His favorite verb, I think, was "to soar," and he did his best to encourage his friends (and to prepare himself) to soar above daily trials, not least his own tethering bonds of pain and uncertainty.
"Love yourself," David wrote in October, 1988, "spread your spirit, your beauty, individual, complete, a blossoming buttercup. Learn to die gracefully. Grace is key - head up, spine straight, rear tight, mind open. Feel tall. It is short, life is."
During his illness David not only kept the journal, he also wrote and illustrated a children's book, The Jester Has Lost His Jingle. His ultimate ambition had been to do children's books. The book, it is clear, was a metaphor for his own struggles not to surrender to the despairs of his cruel situation.
He also created a calendar, with a cartoon for each month and some wild birthdays and uncommon celebrations noted. Is March 31 Bunsen Burner Day? David's calendar - a characteristically generous gift to his friends - says it is, and hereafter, if not before, it therefore is.
Many of us here at this newspaper followed David's heroic struggle with close concern because his mother, Barbara Saltzman, is the editor of the daily Calendar section. She and the family, including David's older brother, Michael, have presented a profile in courage that complemented David's own.

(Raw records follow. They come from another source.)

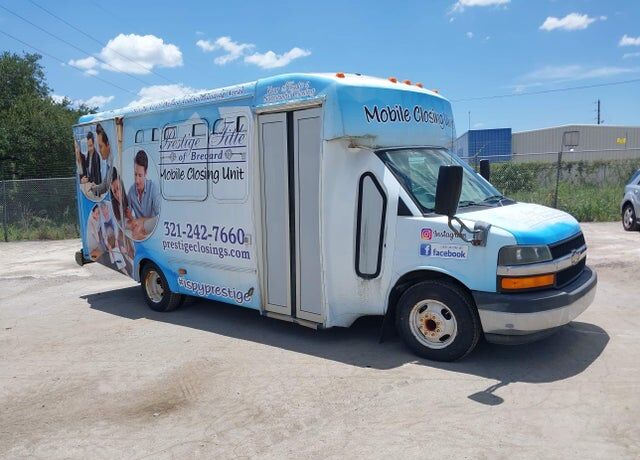 2012 CHEVROLET Express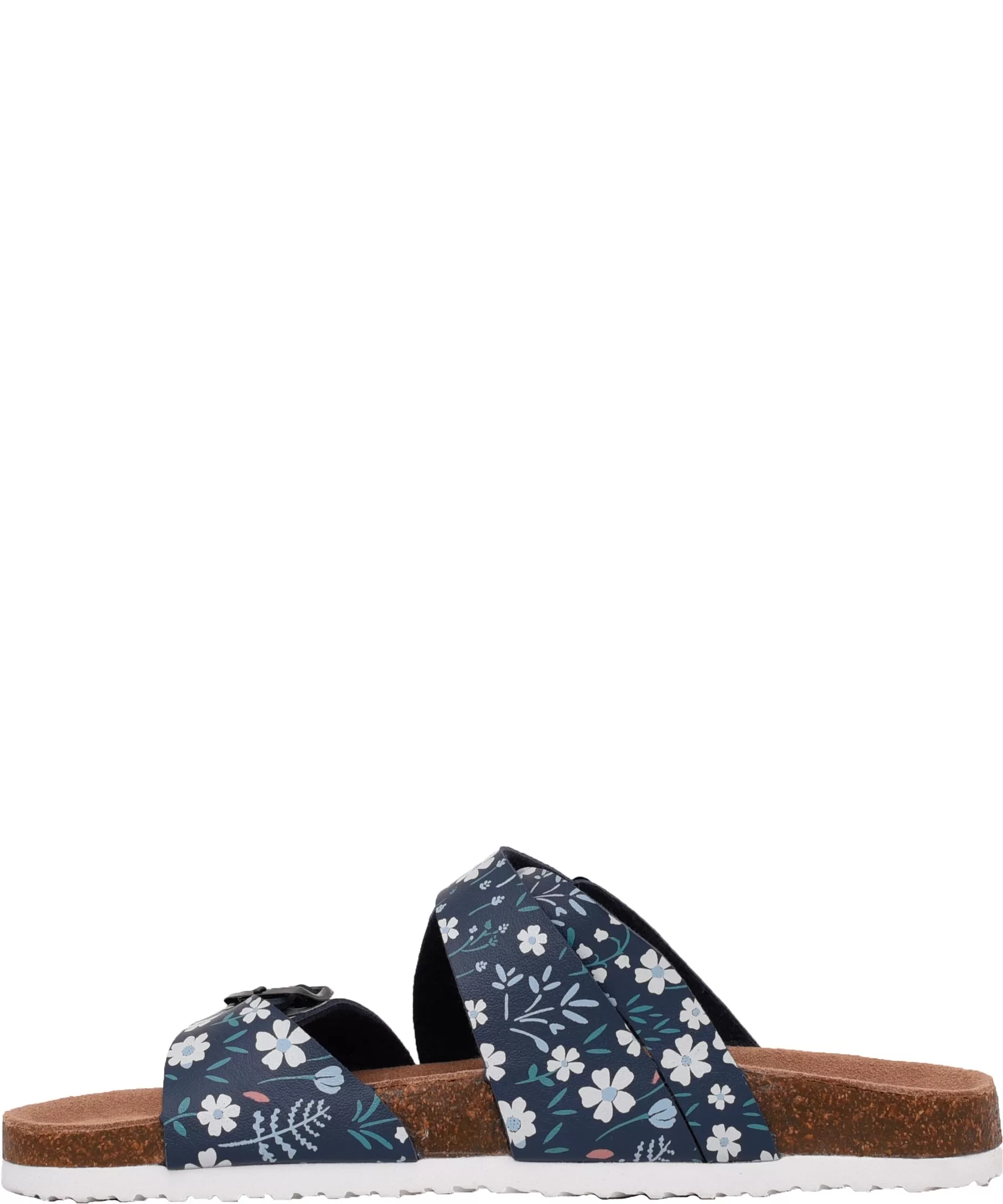 Ditsy Flower Sandal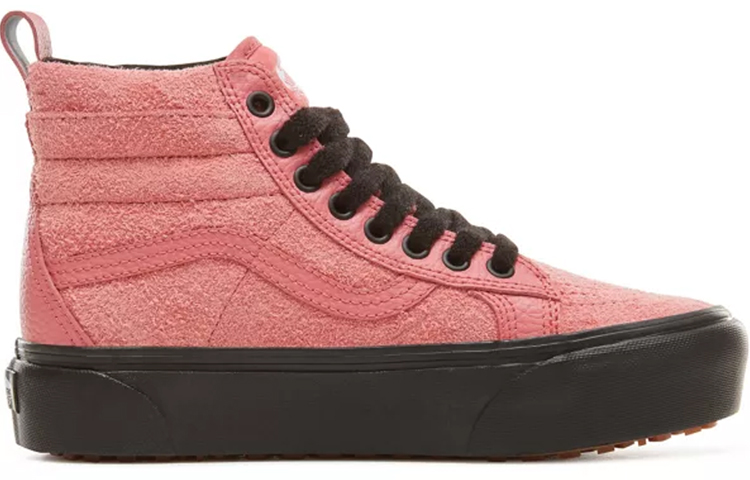 Order Vans Sk8-Hi Platform MTE ''Desert Rose'' Scarpe Altissime VN0A3TKOUCE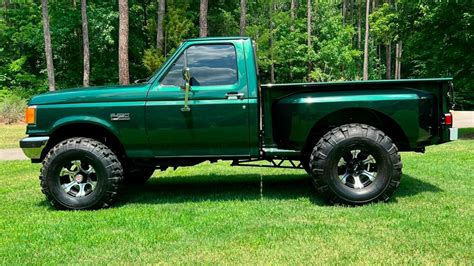 1991 Ford F150 Xlt Lariat Premier Auction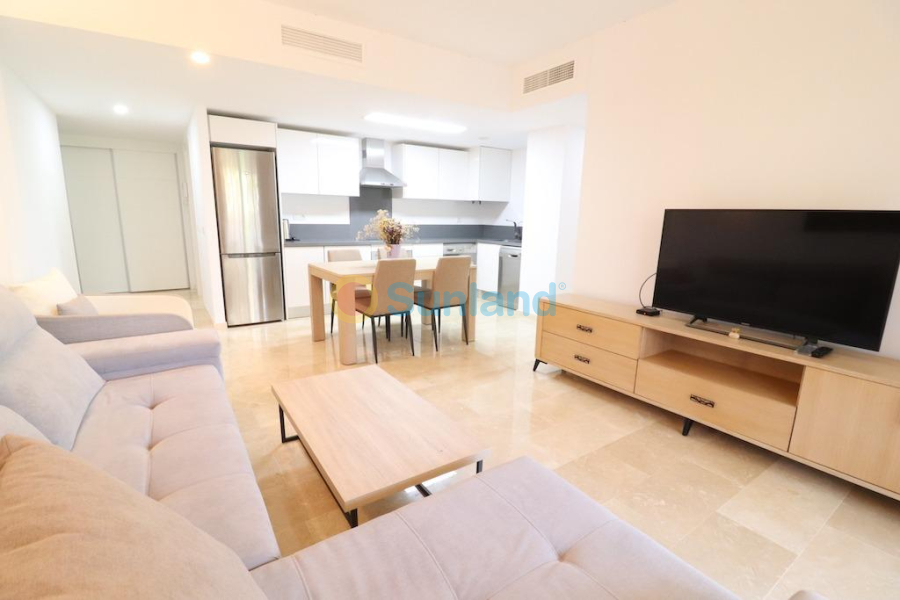 Segunda mano - Apartamento - Torrevieja - Punta Prima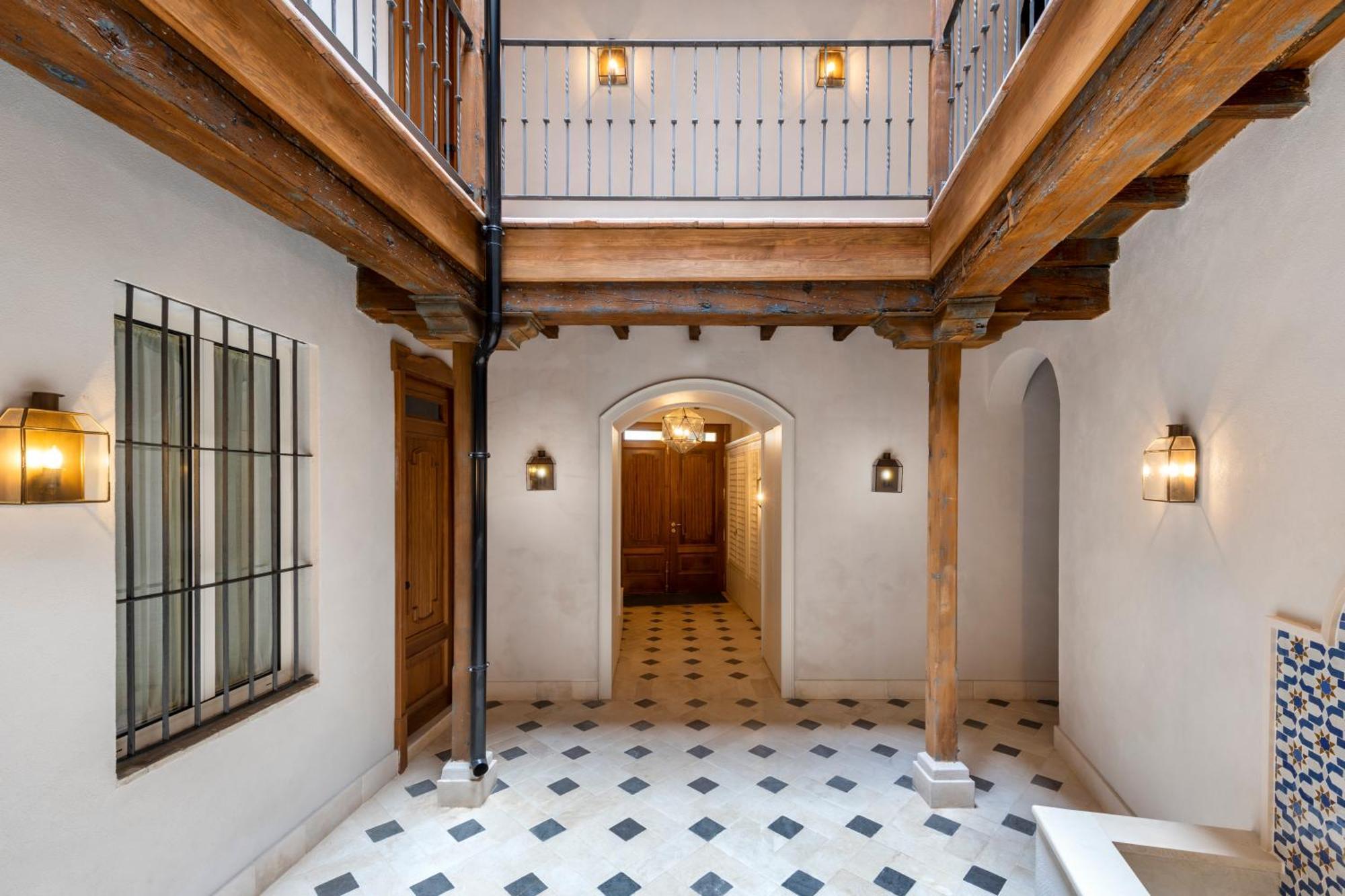 Casa Pilatos Luxury Apartments Sewilla Zewnętrze zdjęcie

Sunday afternoon, Norman Corwin, a family friend who is Joe Saltzman's teaching colleague at USC, read The Jester Has Lost His Jingle in the fine warm voice millions admired when Corwin was doing his pioneering radio verse plays.
David had written:
Whenever I feel like crying, I smile hard instead.Contemplating his own death with a philosophical serenity remarkable in a man so young, David told his journal in November, 1988, that his friends might feel pain at his leaving, but not he, "for I would be like a seed planted in all of them, and when they would think of me, my memory, my spirit, I would blossom again, live again, be with you again, love you again and be alive within you."